**ASSIGNED TASK**
Write out exactly the lines from the one containing "翡翠颈饰银S925镶嵌翡翠" to the end of the material, both ends included, and nothing else. Leave pictures out.

**DATASET RECORDS**
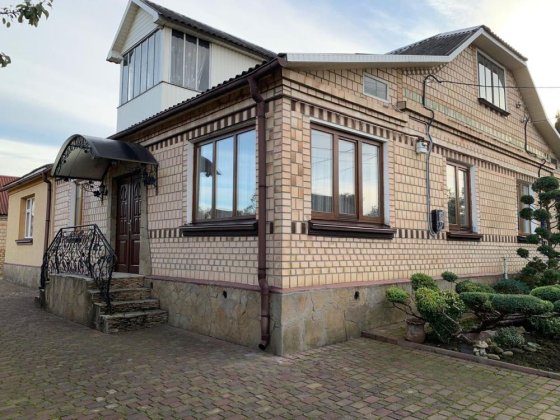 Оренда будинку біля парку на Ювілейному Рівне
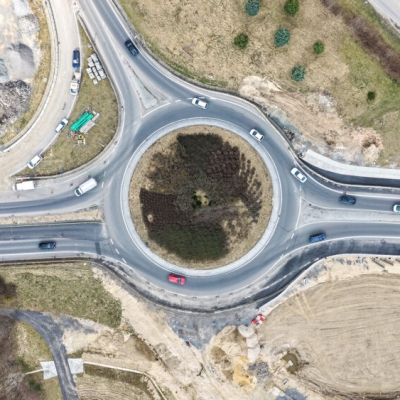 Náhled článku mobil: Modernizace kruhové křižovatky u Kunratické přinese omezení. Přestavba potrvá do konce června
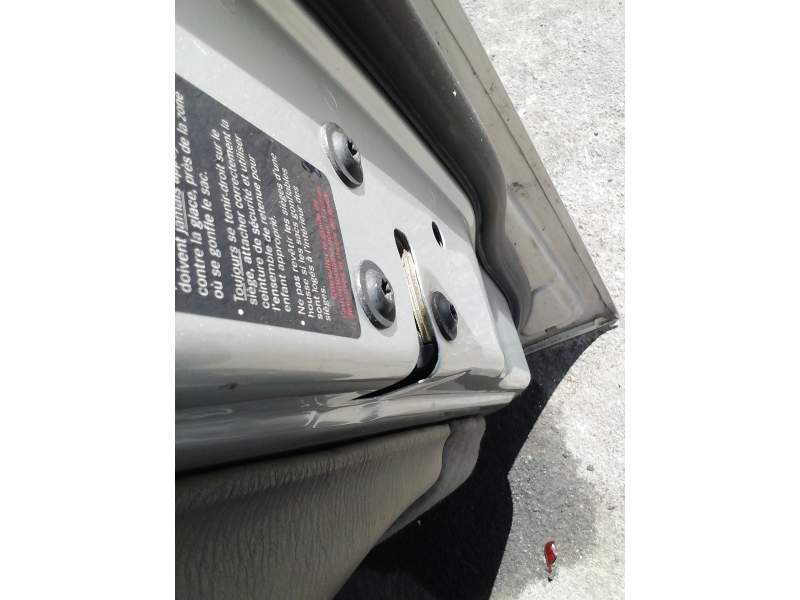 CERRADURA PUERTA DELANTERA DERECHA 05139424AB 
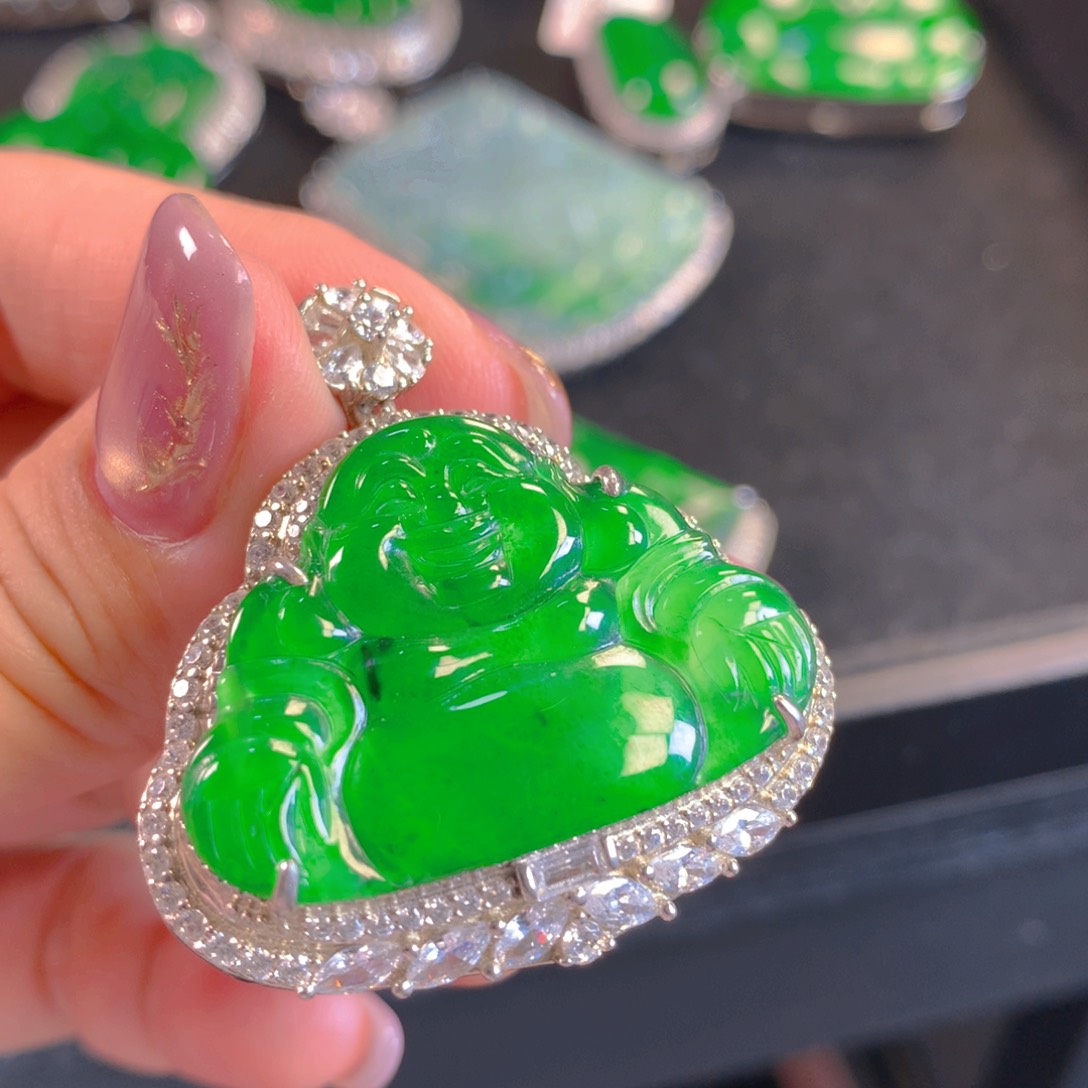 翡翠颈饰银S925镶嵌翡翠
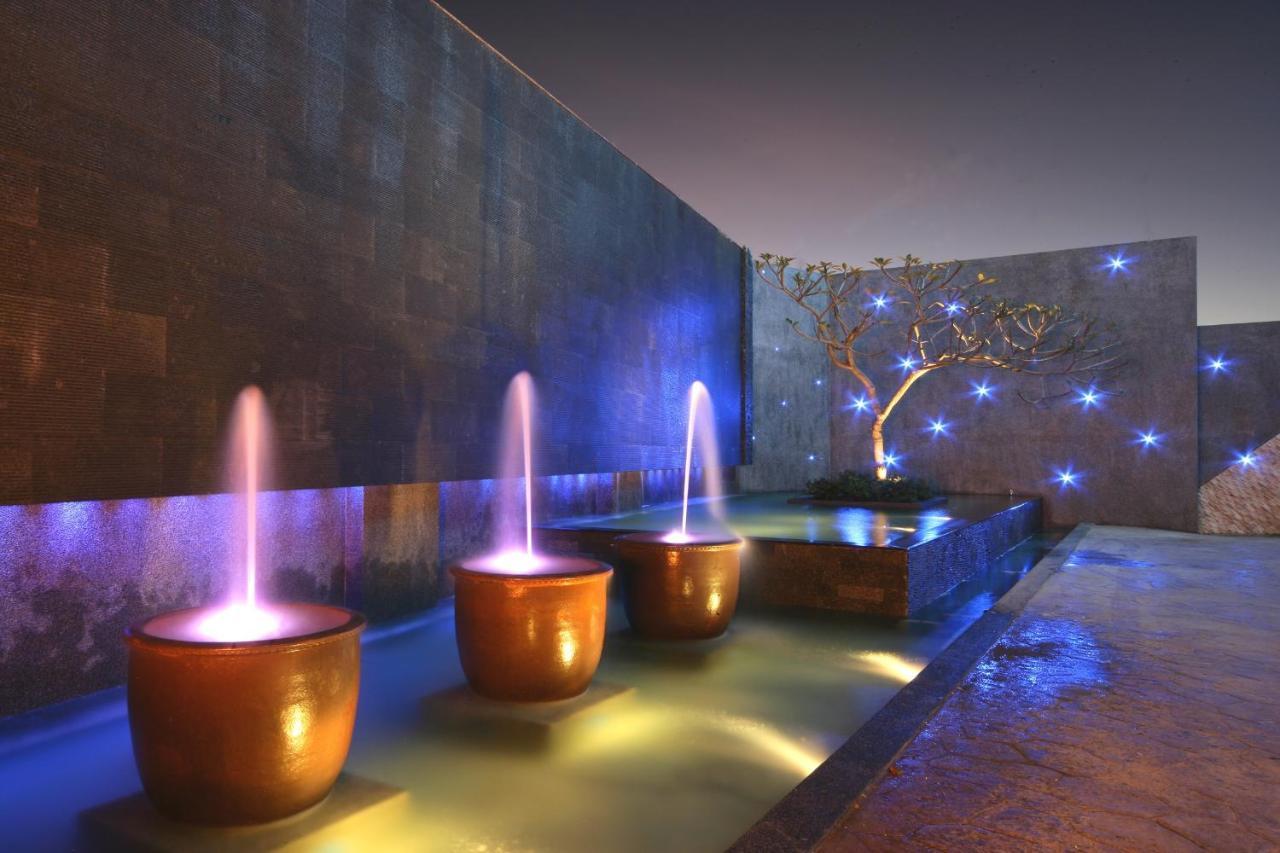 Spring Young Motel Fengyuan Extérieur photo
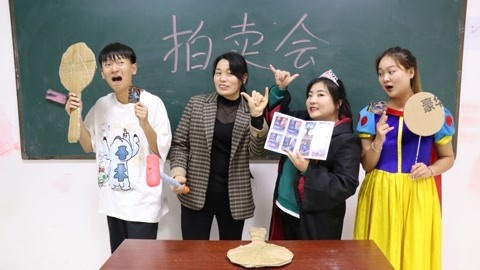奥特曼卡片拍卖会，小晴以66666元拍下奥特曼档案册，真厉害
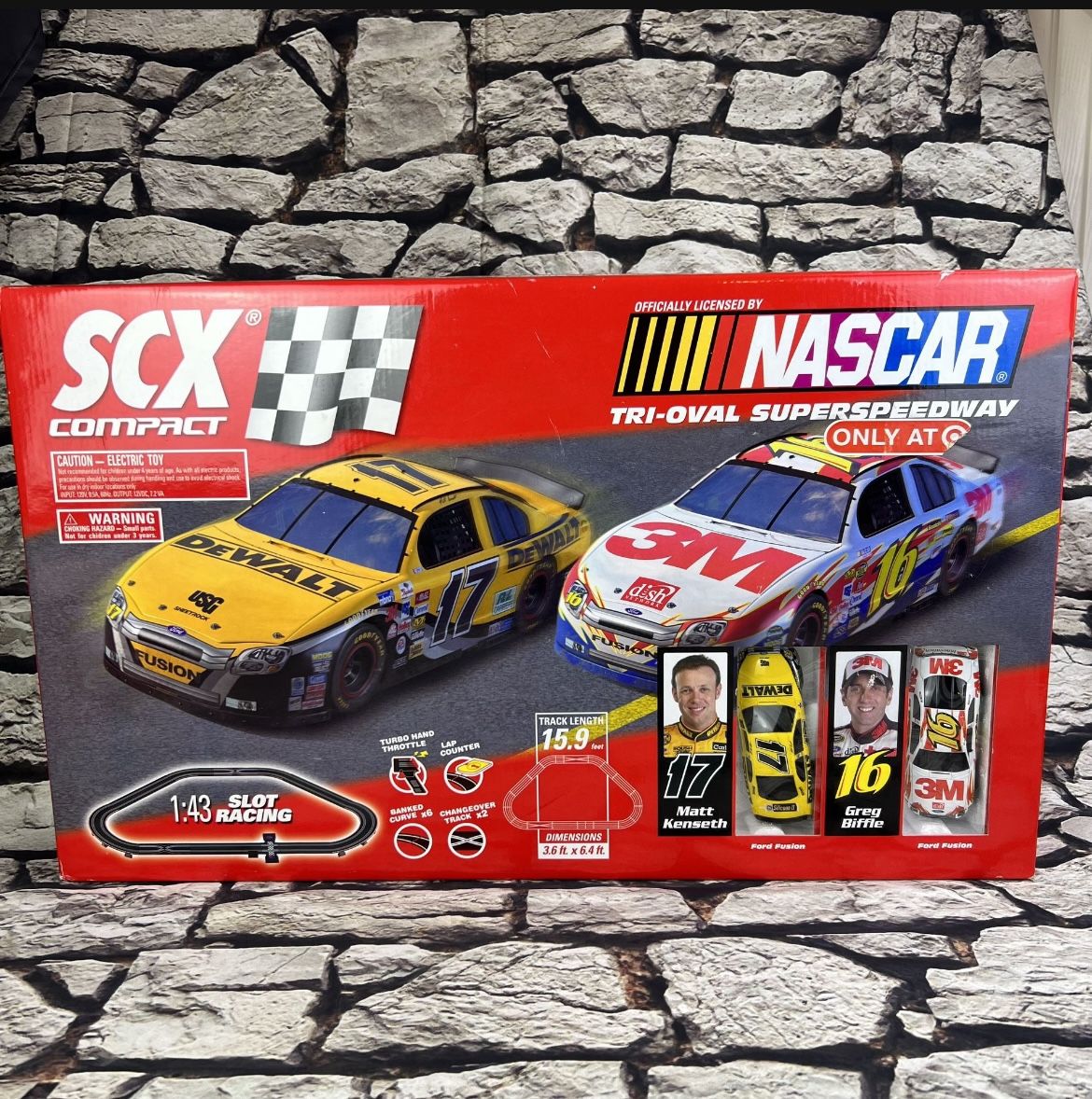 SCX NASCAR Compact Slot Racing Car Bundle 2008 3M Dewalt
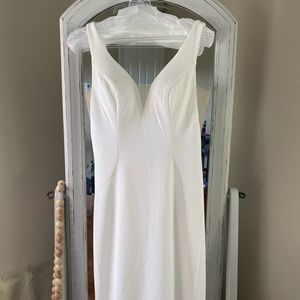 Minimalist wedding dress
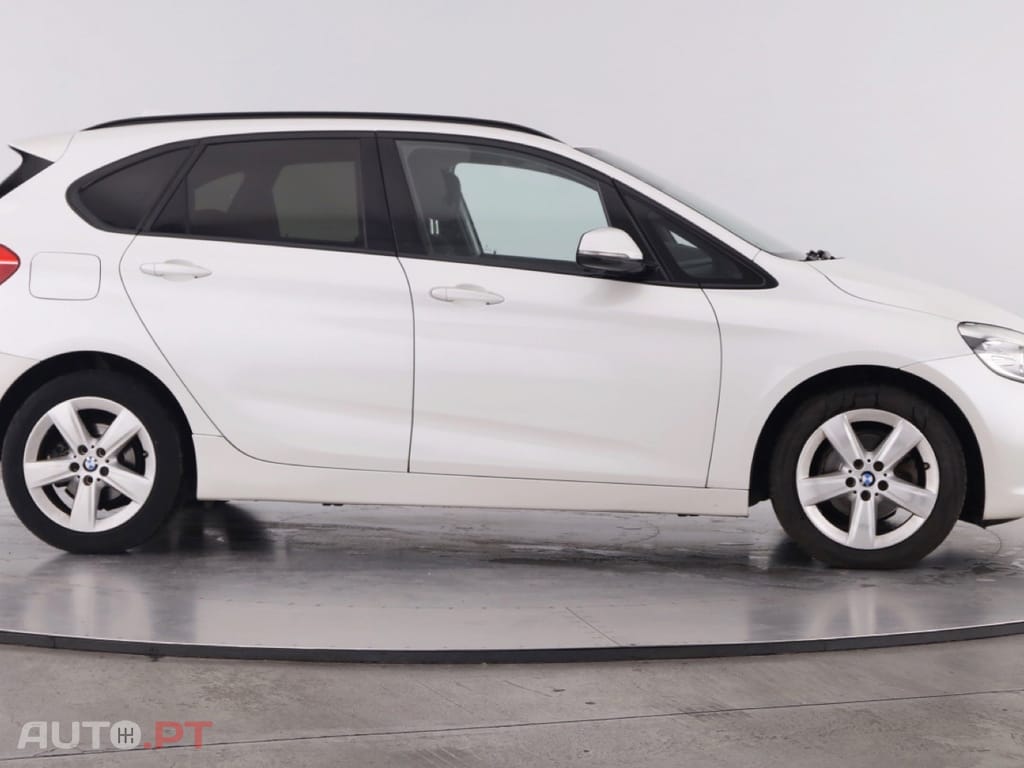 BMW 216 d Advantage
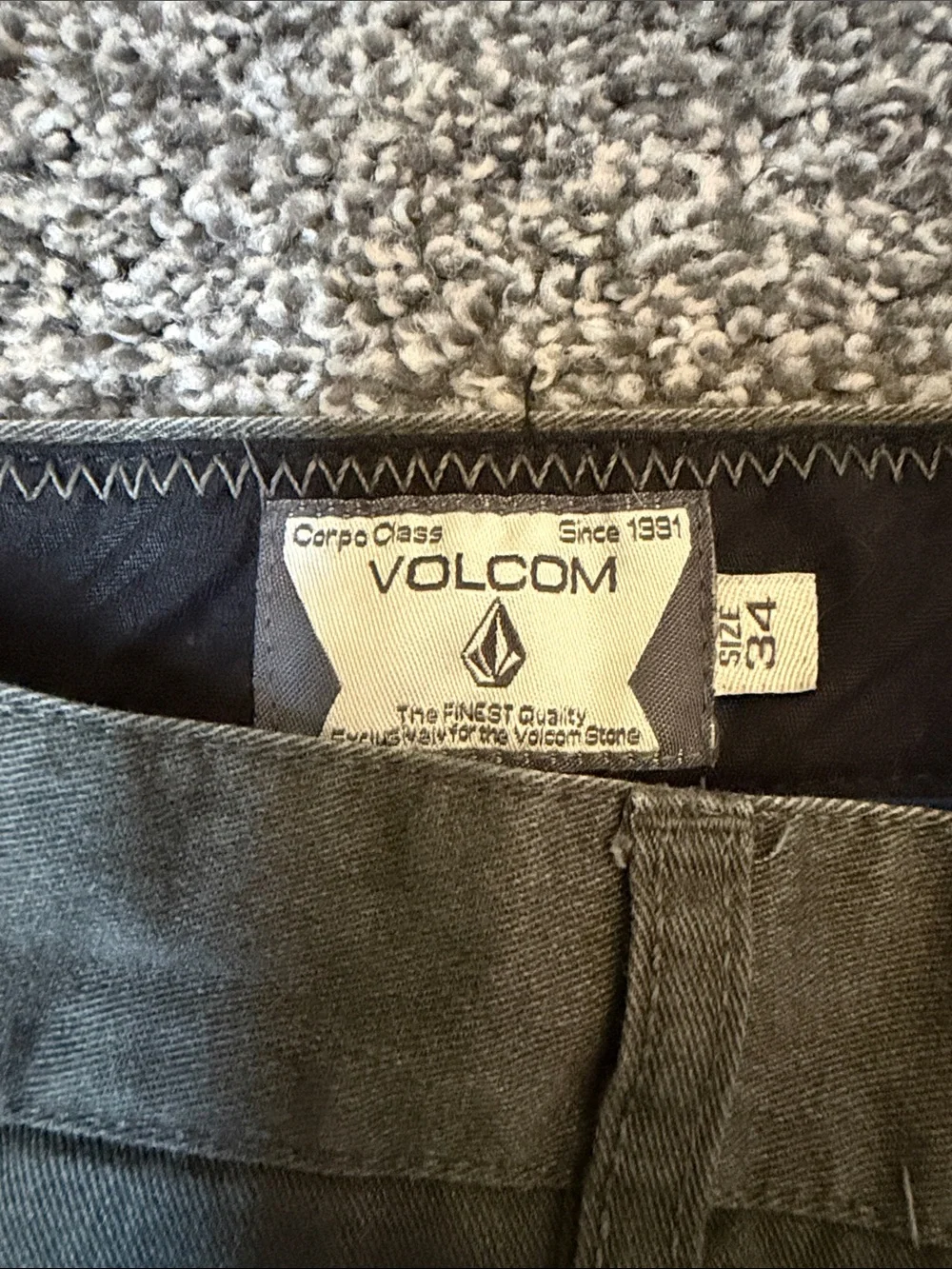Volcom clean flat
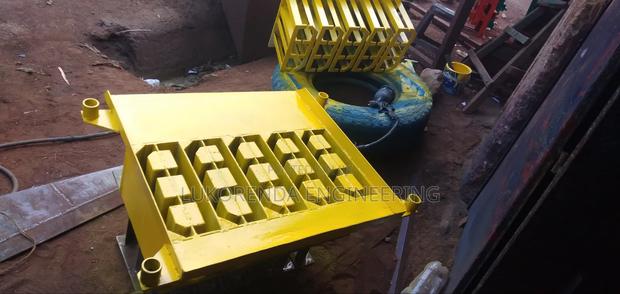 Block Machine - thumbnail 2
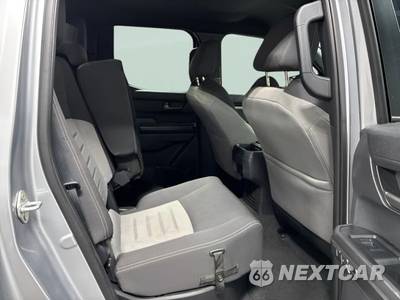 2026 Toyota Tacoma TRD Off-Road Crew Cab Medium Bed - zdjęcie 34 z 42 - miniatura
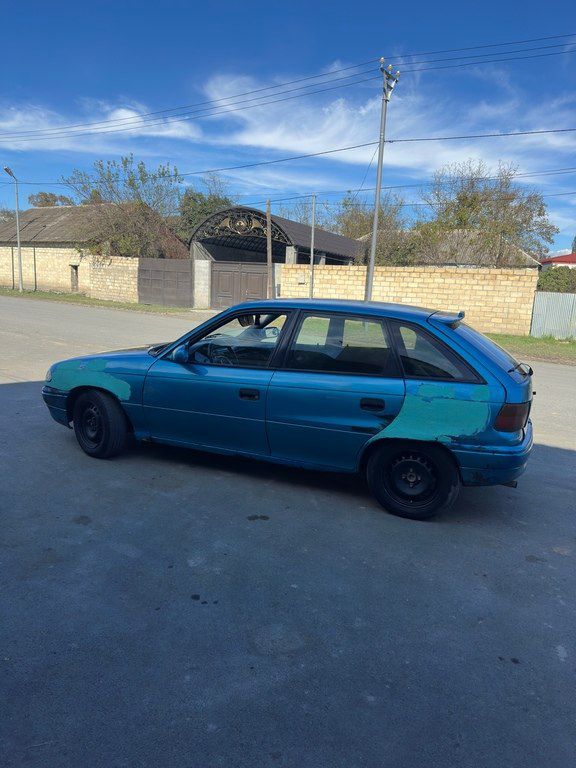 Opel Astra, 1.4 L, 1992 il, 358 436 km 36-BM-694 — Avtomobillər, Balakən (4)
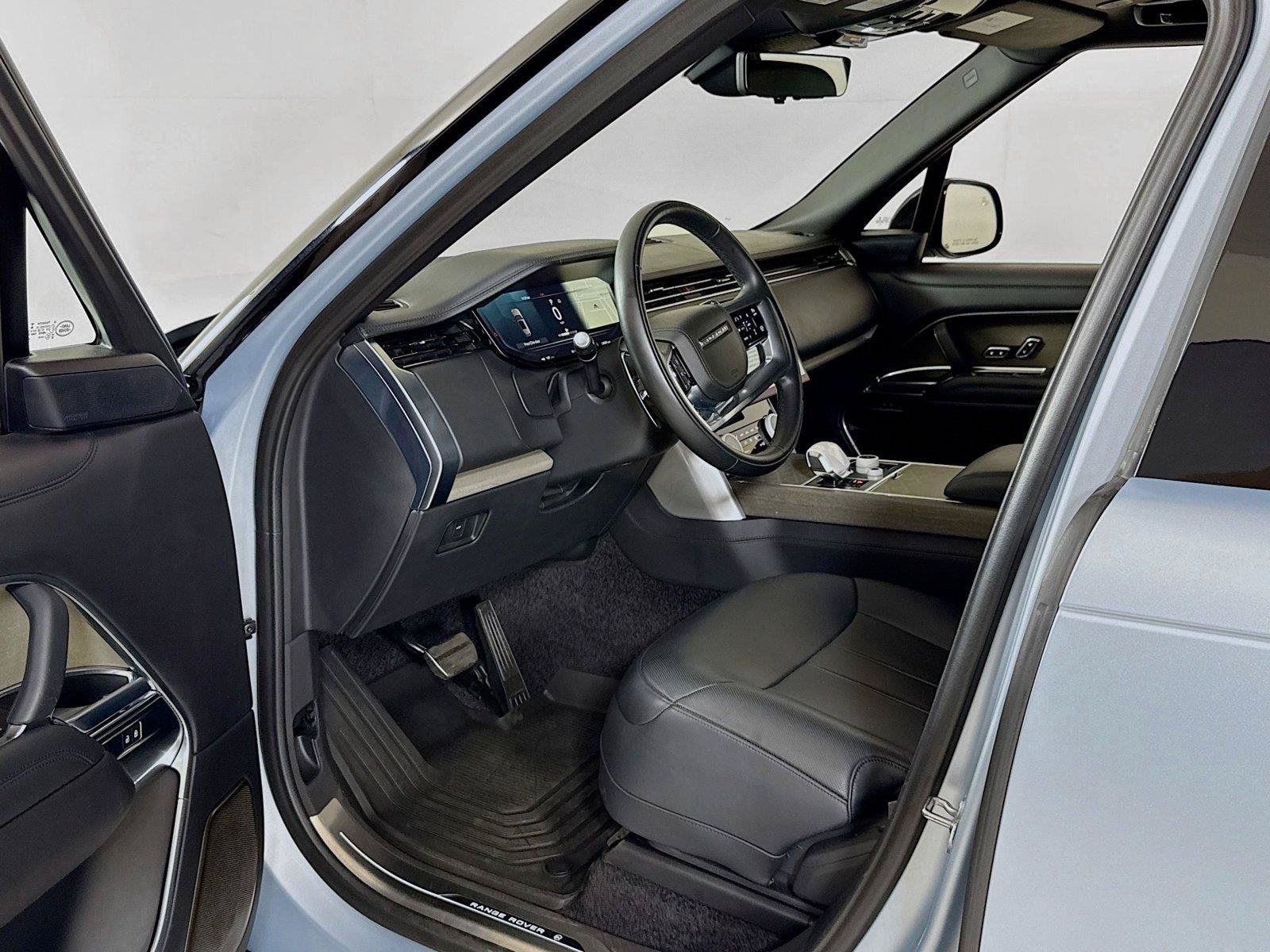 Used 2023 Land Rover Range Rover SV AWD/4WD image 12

**REPLY TO THE EXERCISE**
 翡翠颈饰银S925镶嵌翡翠
 Spring Young Motel Fengyuan Extérieur photo
奥特曼卡片拍卖会，小晴以66666元拍下奥特曼档案册，真厉害
 SCX NASCAR Compact Slot Racing Car Bundle 2008 3M Dewalt
 Minimalist wedding dress
 BMW 216 d Advantage
Volcom clean flat
 Block Machine - thumbnail 2
 2026 Toyota Tacoma TRD Off-Road Crew Cab Medium Bed - zdjęcie 34 z 42 - miniatura
 Opel Astra, 1.4 L, 1992 il, 358 436 km 36-BM-694 — Avtomobillər, Balakən (4)
 Used 2023 Land Rover Range Rover SV AWD/4WD image 12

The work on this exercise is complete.